Why does the love for a lover transform into attachment and possessiveness – a needy and obsessive behavior?
Why does the love for a spouse change into mutual need for security – a give and take relationship that eventually leads to being more habituated with each other rather than sharing tender and exciting moments together?
Why does the love for a child become a form of control and discipline?
Why does love for God end up becoming a mere ritual, or worse, bringing on fanaticism dictated by fear, dependency and greed?
If we are honest enough we will probably identify ourselves with one or more of the above feelings and still be searching for that perfect Love. Maybe we will search for it in yet another women or man, in God or Guru, in some material object, maybe in some esoteric technique of meditation or in some other method of teaching. Without Love there is a void and we are desperate to fill that somehow.
Please realize that this is not a criticism of the exploration of Love through any of these avenues. There is no problem with this form of seeking it. The question here is to inquire whether there is a possibility of finding true Love without actually seeking it! Is it possible to come upon Love without moving anywhere and remaining exactly where we are, right here, right now?
To know that, we probably need to inquire deeper into what true Love actually is. The right way to begin would be first, to ponder and investigate what is not Love.
What Love is Not
Any emotion we label as Love, that has a selfish purpose or intention, cannot be termed as such. This is a misnomer. Therefore, loving someone with a view to gain from it, is not Love. Living together for a secured future is not Love. Dependency or the mere habit of being with your partner, is not Love. Possessiveness and control is not Love.

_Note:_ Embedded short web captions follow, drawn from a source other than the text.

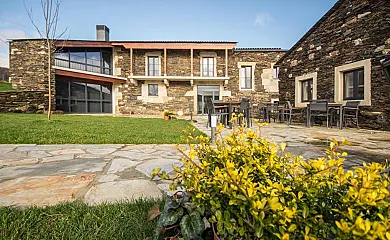 Hotel Rural O Cruce do Burgo en Friol (Lugo) - Foto 2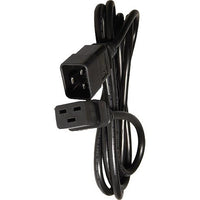 CNL 5M C20-C19 Bk PVC 1.5MM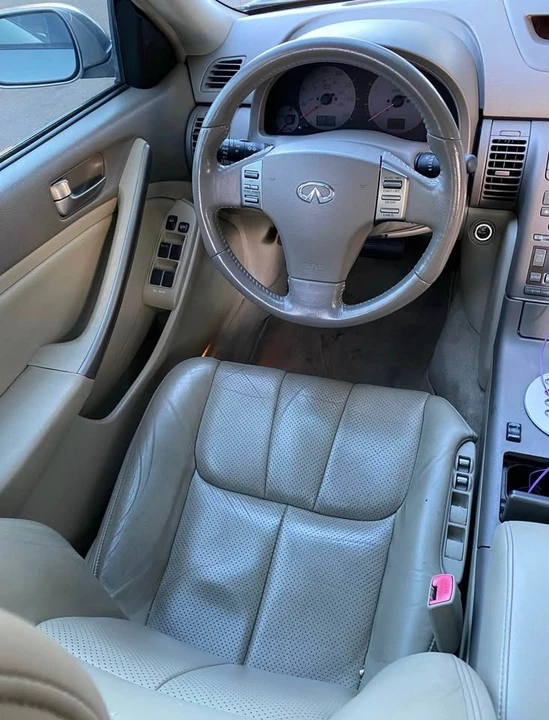 2004 Infiniti G35 3rd Gen - Image 4 of 7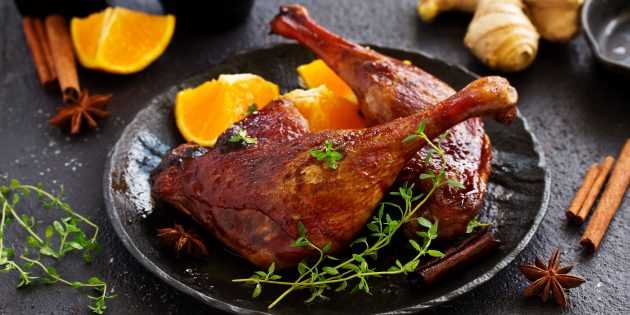 Утка на вашем столе: быстро и вкусно Как готовить утка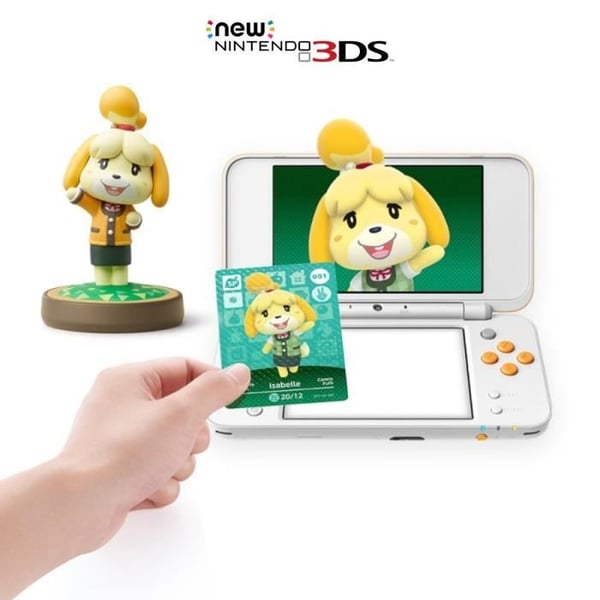 Amiibo Figur - Pikachu nr 10 • Super Smash Bros. Collection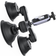 Pgytech Three Arm Suction Mount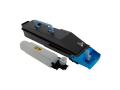 Kyocera Mita TK-857C Toner Cartridge -  Cyan (Genuine)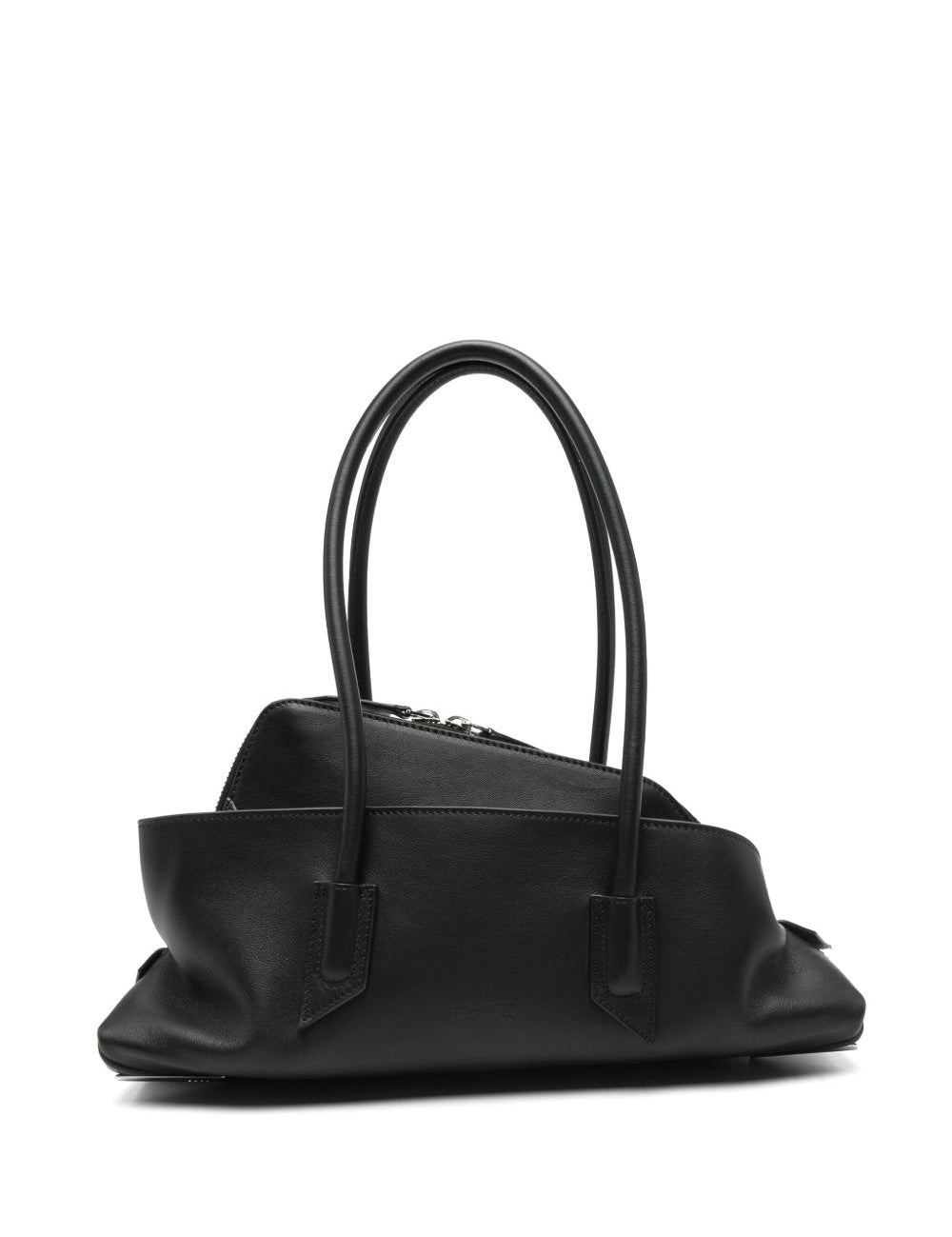 Borsa La passeggiata Small in nero 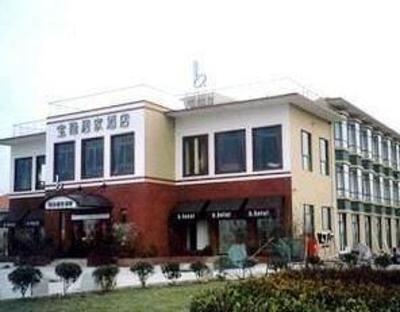 фото отеля Baolong HomeLike Hotel Luojing Branch Shanghai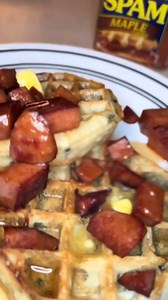 3.7K views · 45 reactions | SPAM® Maple Flavored is that perfect combination of sweet and savory for a mouthwatering taste that kicks up any recipe. | Hormel Foods | Facebook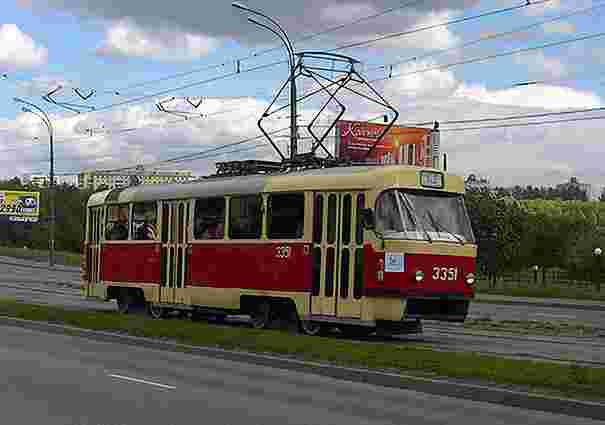 Німеччина дасть Львову 4 млн євро на трамвай на Сихів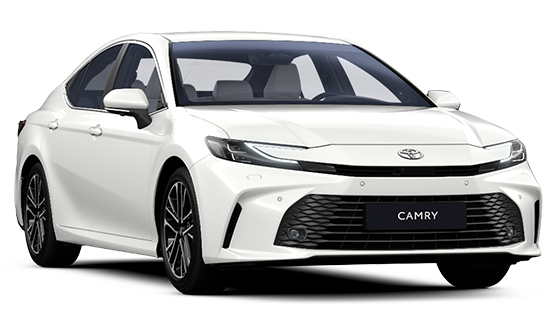 Toyota Camry New 2.0S CVT Sport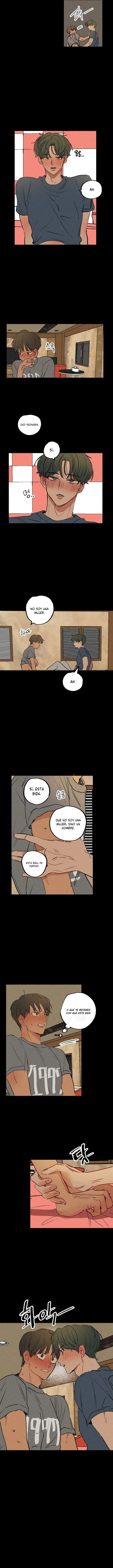 Señor fácil capítulo 43 página 11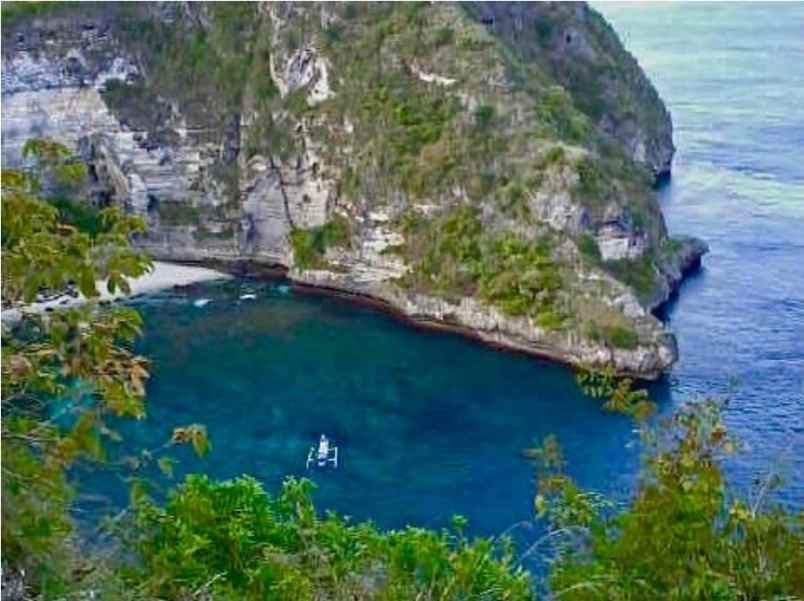 dijual tanah dekat pejukutan kec nusa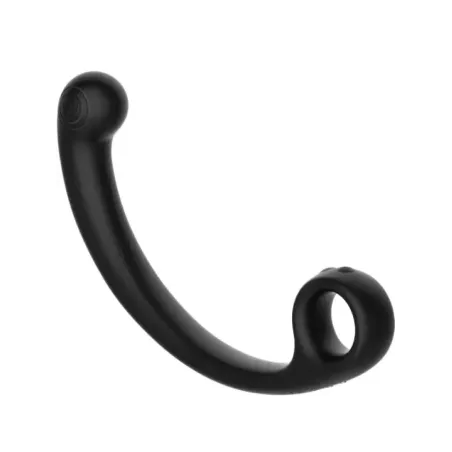 Snail Vibe - Bacchetta Per Massaggio Vibrante Axi Nera - SNAIL VIBE - Magic Wand | erosidea.com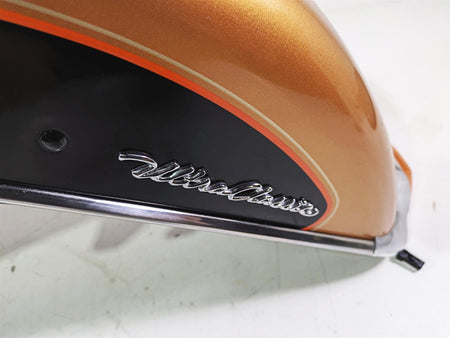 2008 Harley Touring FLHTCU E-Glide 105TH Front Fender & Bumper 59087-00B {{ shop.shopifyCountryName }} - Mototech271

Many equate duty and responsibility with Love. Think again! Love that is reduced to mere dry ritualistic action without passion and bereft of joy that one derives from giving is pale and ugly, isn’t it?
Emotion too, can’t be described as Love as all we are seeing is only a state of mind which is subject to change.
Death of a loved one brings so much pain. I may miss a dear family member who died recently. I may remember him with tears in my eyes and say I love him. I miss him because his sudden disappearance has brought an emptiness with a sense of insecurity and fear in my life. Can I truly call this Love? Is it not still about myself? After all, the one who died may have reached the perfect place. It is I who seem to be displaced due to this loss, isn’t it?
So, isn’t it is obvious that if this feeling centers on me and my world it cannot be Love? Only if it is selfless can it be called Love.
Drop the Barrier to Love
Most people think of selflessness as if it is a character or a quality to be acquired, whereas true selflessness is not about acquiring anything, but, about dropping everything. The name itself is suggestive: SELF-LESS. Even the self is absent!
So can I drop whatever my self or “I‟ represents?
And what does my “I‟ represent? Doesn’t it include all thoughts, memories, concepts, all past learning’s and conditioning’s, all experiences and knowingness? Don’t all of these represent “ME‟? After, all what else is this me except a collection of all of these in entirety? All of these define who I am and my relationship with everything and everyone.
So can I die to all of this? If I cling to them, I am living a preconditioned, robotic life. My problems are the same although situations may differ, and so is my way of dealing with them. There seems to be nothing fresh and new in living. It is a repeat of the same old challenges, conflicts and situations.
If you are truly aware, you will clearly observe a pattern that defines you and your life. This pattern appears to keep repeating over and over again and you meet life with nothing new because you respond to everything through the faculty of your mind – a mind that is always old. It knows nothing beyond what it has learned, and what it seems to know through these learning’s. It has been conditioned to all that it has seen, heard, experienced and learned and it continues to respond to challenges through these faculties, so there is nothing new there. No matter how fresh you think your learning’s are, all of that is already old. Your mind has been conditioned to what you have already learned in the past.
So, we arrive at this vital understanding – “If I die to all concepts and knowingness carried from my past, which, in other words means the death of my mind, then perhaps I will come to experience and respond to life and its challenges spontaneously, from an instrument beyond the mind”.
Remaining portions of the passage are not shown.